— PROBLEM REQUIREMENTS —
Only one stretch of the data below is needed. Output the lines from the one with "I'm going to" up to and including the one with "Chromelion CDS's Intelligent", exactly as they stand.
*** GIVEN INFORMATION
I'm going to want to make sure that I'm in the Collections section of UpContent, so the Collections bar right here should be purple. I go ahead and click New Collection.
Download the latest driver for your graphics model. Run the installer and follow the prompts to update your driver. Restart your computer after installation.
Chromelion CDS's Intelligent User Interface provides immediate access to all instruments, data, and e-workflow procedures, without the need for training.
******
*** GIVEN INFORMATION
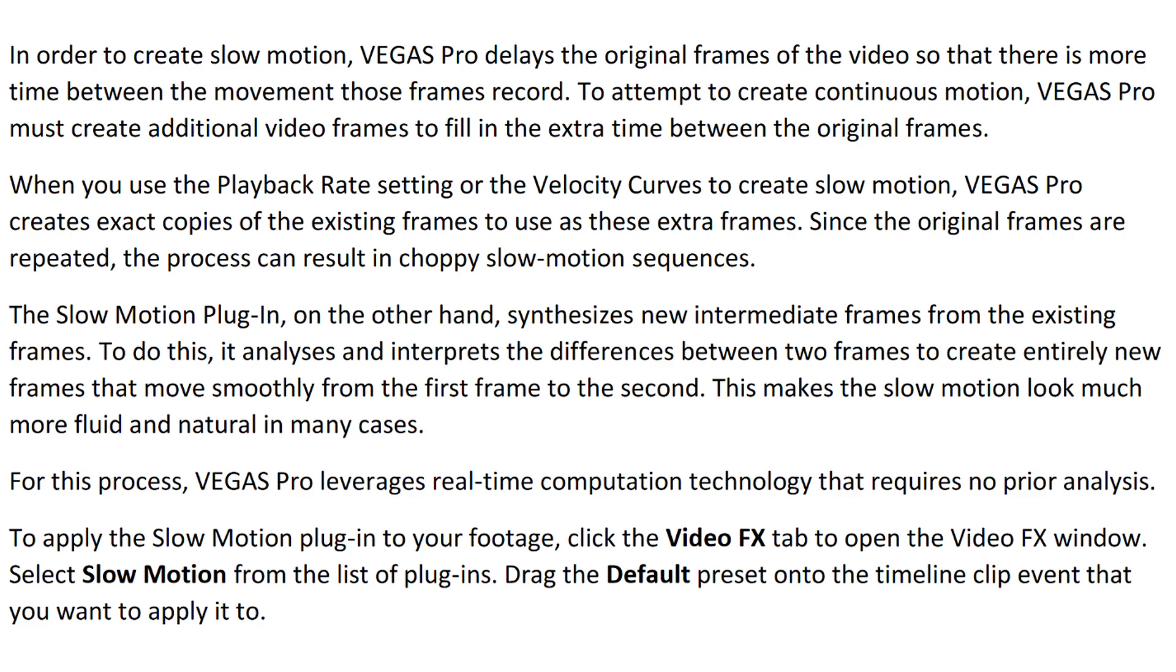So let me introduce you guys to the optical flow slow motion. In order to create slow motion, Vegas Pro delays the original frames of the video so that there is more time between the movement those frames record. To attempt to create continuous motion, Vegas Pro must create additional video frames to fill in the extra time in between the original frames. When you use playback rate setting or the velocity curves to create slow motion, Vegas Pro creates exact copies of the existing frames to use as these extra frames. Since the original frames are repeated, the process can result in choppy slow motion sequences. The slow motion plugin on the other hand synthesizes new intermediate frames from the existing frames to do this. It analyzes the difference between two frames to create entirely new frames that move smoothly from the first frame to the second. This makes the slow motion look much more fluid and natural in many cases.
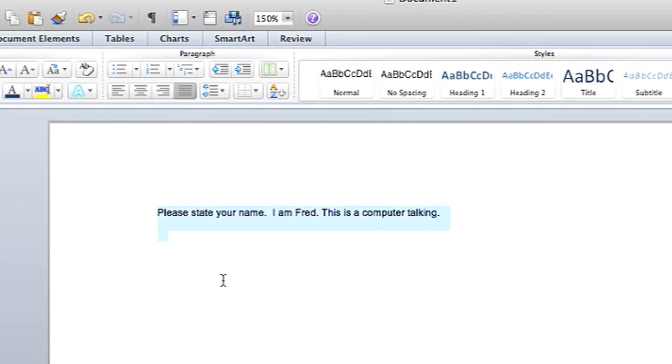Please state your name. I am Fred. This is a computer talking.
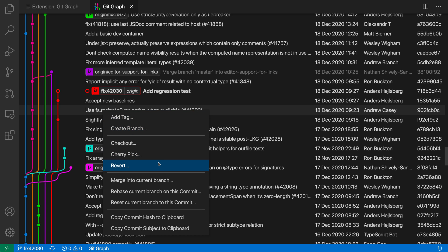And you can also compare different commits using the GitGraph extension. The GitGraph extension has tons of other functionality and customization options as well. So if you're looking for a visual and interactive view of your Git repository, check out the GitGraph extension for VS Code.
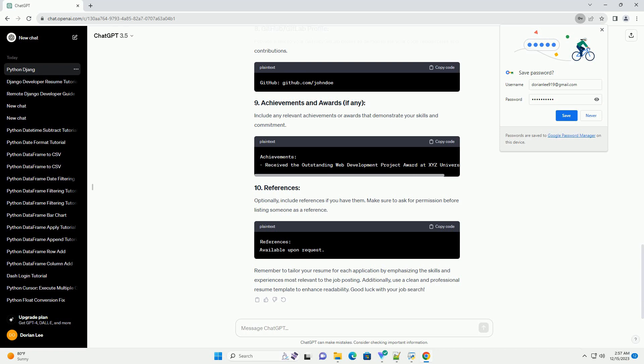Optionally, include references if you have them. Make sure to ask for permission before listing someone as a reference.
******
— EXERCISE RESPONSE —
I'm going to want to make sure that I'm in the Collections section of UpContent, so the Collections bar right here should be purple. I go ahead and click New Collection.
Download the latest driver for your graphics model. Run the installer and follow the prompts to update your driver. Restart your computer after installation.
Chromelion CDS's Intelligent User Interface provides immediate access to all instruments, data, and e-workflow procedures, without the need for training.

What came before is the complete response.